--- Your task ---
From the records below, please print only the lines from the one containing "Brisket barbecue sandwich" through the one containing "Happy father giving", both included. Skip the pictures.

--- Information ---
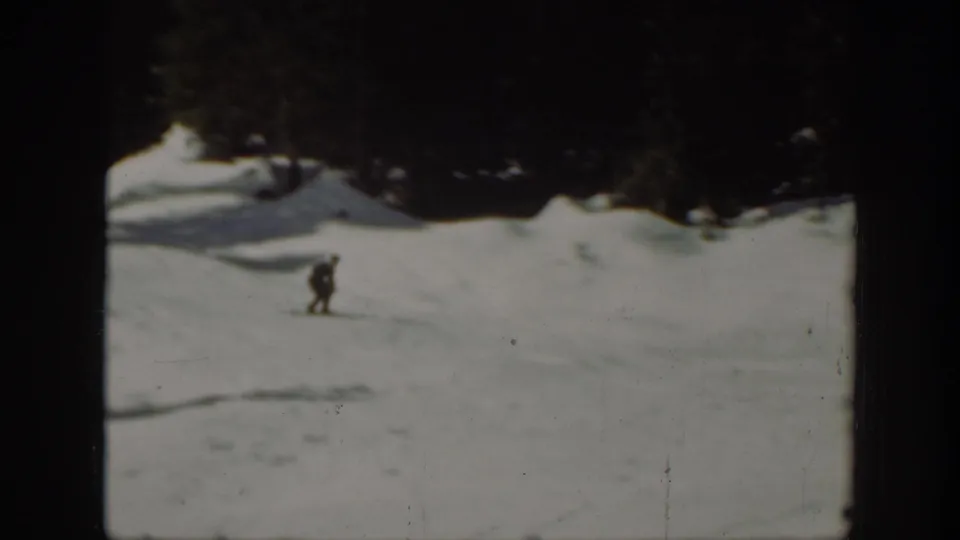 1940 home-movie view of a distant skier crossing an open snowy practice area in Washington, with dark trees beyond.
...
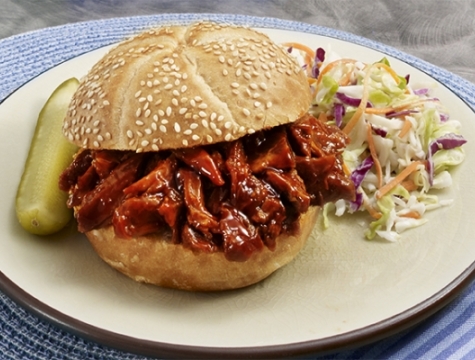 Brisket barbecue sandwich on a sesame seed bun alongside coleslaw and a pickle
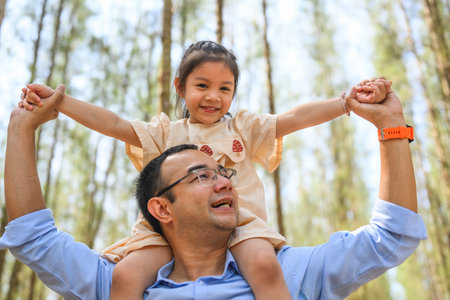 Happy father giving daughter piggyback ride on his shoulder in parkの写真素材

--- Answer to the exercise ---
 Brisket barbecue sandwich on a sesame seed bun alongside coleslaw and a pickle
 Happy father giving daughter piggyback ride on his shoulder in parkの写真素材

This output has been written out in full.